Background information
- Born: Michael Adam 17 February 1961 (age 65) Wimbledon, London, England
- Genres: Alternative rock
- Occupation: Singer-songwriter
- Instruments: Vocals, guitar
- Years active: 2009–present
- Label: AMP Music Production
- Website: Official website

= Mike Marlin =

Mike Marlin is an English singer-songwriter. He was born on 17 February 1961 in Wimbledon, London as Michael Adam. He went to the University of Oxford where he read physics at Magdalen College. He dropped out in his final year and never graduated. During this time he played bass in a number of student bands.

==History==
===Businesses===
After leaving Oxford (where he was studying physics) in his final year, he dropped out of music. He worked in his father's commodity business. He automated his job by programming a computer, and became instead interested in technology. He was then a founder of a series of technology businesses. He was joined by David Harding and Martin Lueck, with whom he spun out to launch AHL, one of the most successful systematic trading firms ever.

===Music career===
Throughout the 1980s and 1990s he had continued to write and record songs, but these were never commercially released.

At the age of 48 he withdrew from business. He started a small record label, AMP Music Productions. He recorded his first album Nearly Man under the name Mike Marlin with producer James Durrant. The album was finished in December 2009. Marlin recruited a band in 2010 ("The Whethermen") and played a series of gigs in small venues throughout the UK. He recorded a session for Selector Radio that aired on 12 November 2010. In December 2010 he supported From The Jam on their UK tour.

Marlin's first single was a cover of the Bee Gees disco hit "Stayin' Alive" from the 1977 film Saturday Night Fever. It was released on 21 October 2010 to mixed reviews and is not on his debut album Nearly Man, which was released on 14 February 2011. Two singles were taken from this album: "Play That Game" (released 4 January 2011) and "No Place Like Home" (released 23 May 2011). These were critically well received and achieved significant airplay on independent radio, regional radio and BBC Radio 6 Music. The video for "Play That Game" attracted considerable attention and featured an office being destroyed.
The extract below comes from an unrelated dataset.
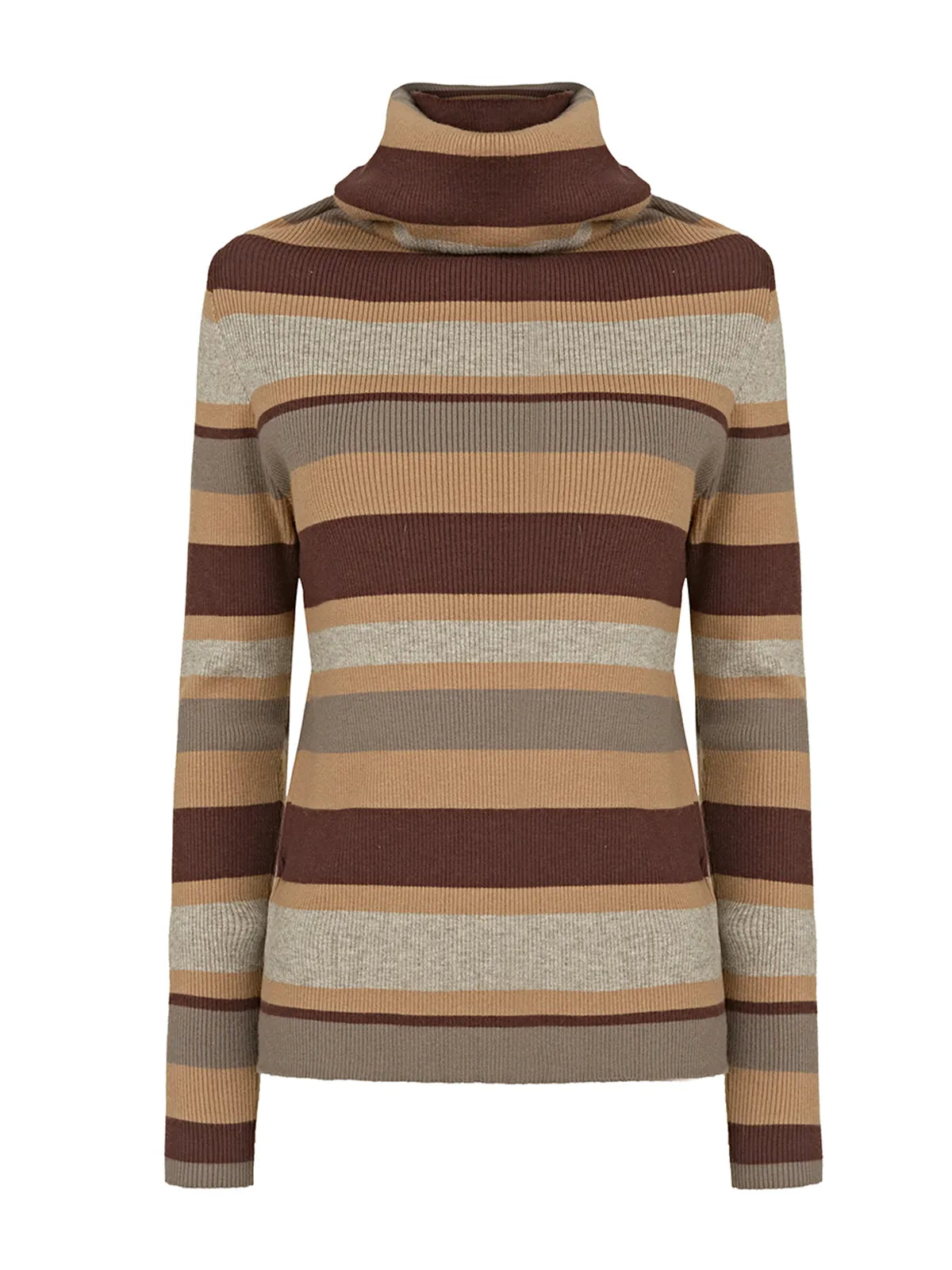 Transition seamlessly from casual to formal occasions with this versatile color-blocked sweater, offering a tailored fit that enhances your silhouette.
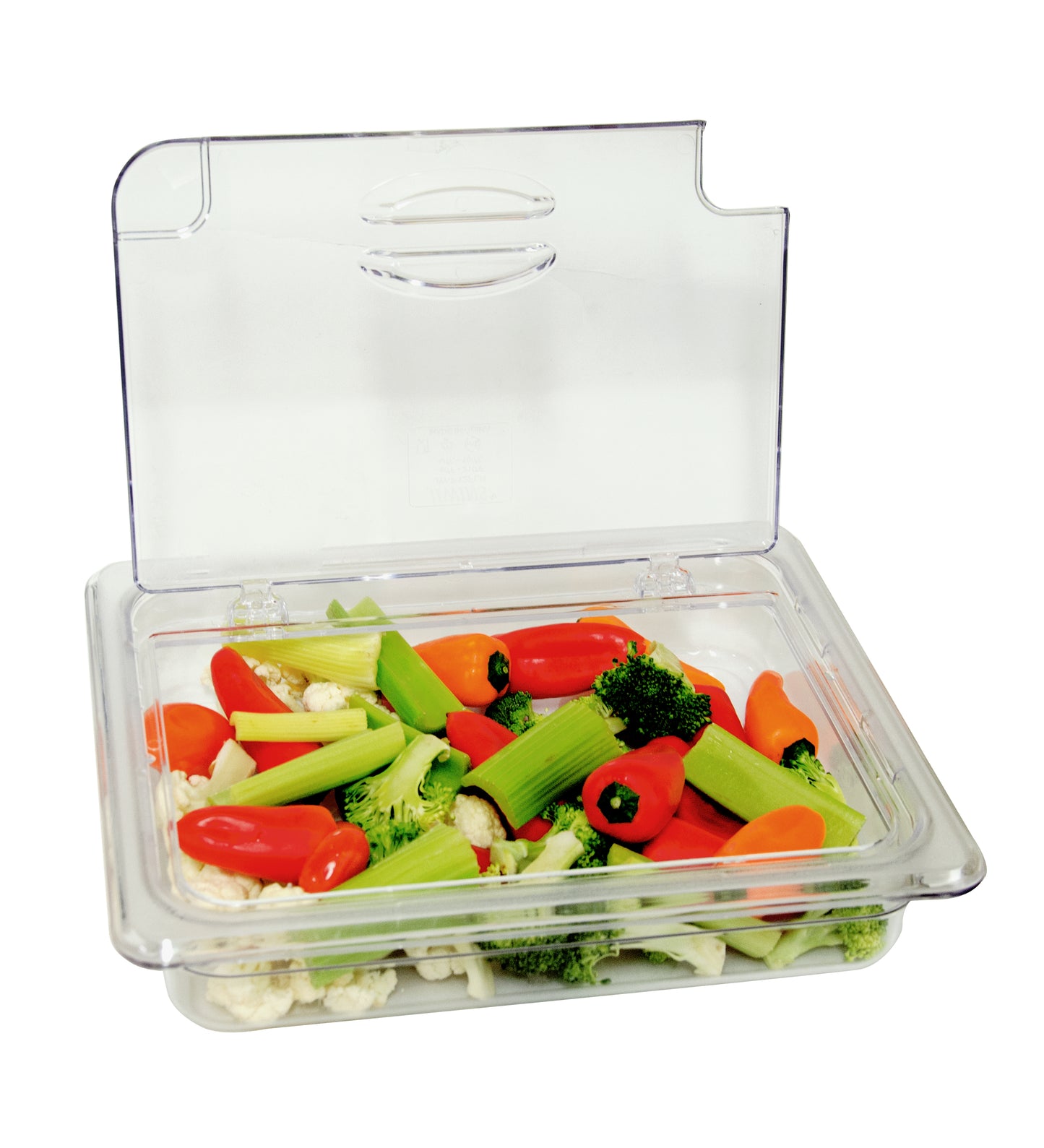 Omcan 43639 1 / 2 Clear Polycarbonate Flip Lid with Gap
In January 2011, he was chosen for HMV's Next Big Thing and as part of this event played at the Jazz Cafe in London on 9 February 2011. In March 2011, Marlin supported The Stranglers on their 17 date UK "Black & Blue" tour. In April 2011, Marlin supported Big Country on their 18 date UK tour.

In February 2012, he released his second album, Man on The Ground, and went on to support The Stranglers around the UK and Europe on their Spring tour. Marlin's voice is often compared to David Bowie. He sings in a baritone and plays a custom Babicz guitar. He writes traditional rock songs. He cites David Bowie, Johnny Cash, Elbow and The National as influences.

Marlin's third album, Grand Reveal, was released on 8 April 2013. Songs include "The Murderer" and "Skull Beneath the Skin".

Marlin's fourth album, The Secret of My Success, was released on 8 May 2016. The release was accompanied by a limited edition box set containing book of artwork by Colin Brown, the Scottish Collage artist and double LP. The latest incarnation of his band is a trio, The Melomaniacs, consisting of Marlin, Paul Silver on keys and Kim Murray on guitar.

In October 2018, Marlin released the album "Dust" which accompanied a film of the same time. With the release of the album, Marlin disbanded the Melomaniacs band.

After an absence of some years, Marlin released a new album "We Start with Silence" via streaming services on August 28 2025. The album includes new recordings of songs from Marlin's earlier albums. It was produced by Danton Supple and Danny Monk, recorded at RAK Studios, mastered by John Webber at AIR Studios.

==Discography==
- Albums
- Nearly Man (2009)
- Man on the Ground (2012)
- Grand Reveal (2013)
- The Secret of My Success (2016)
- Dust (2018)
- We Start with Silence (2025)

==Personal==
He is married and has four children. He lives in Bedfordshire.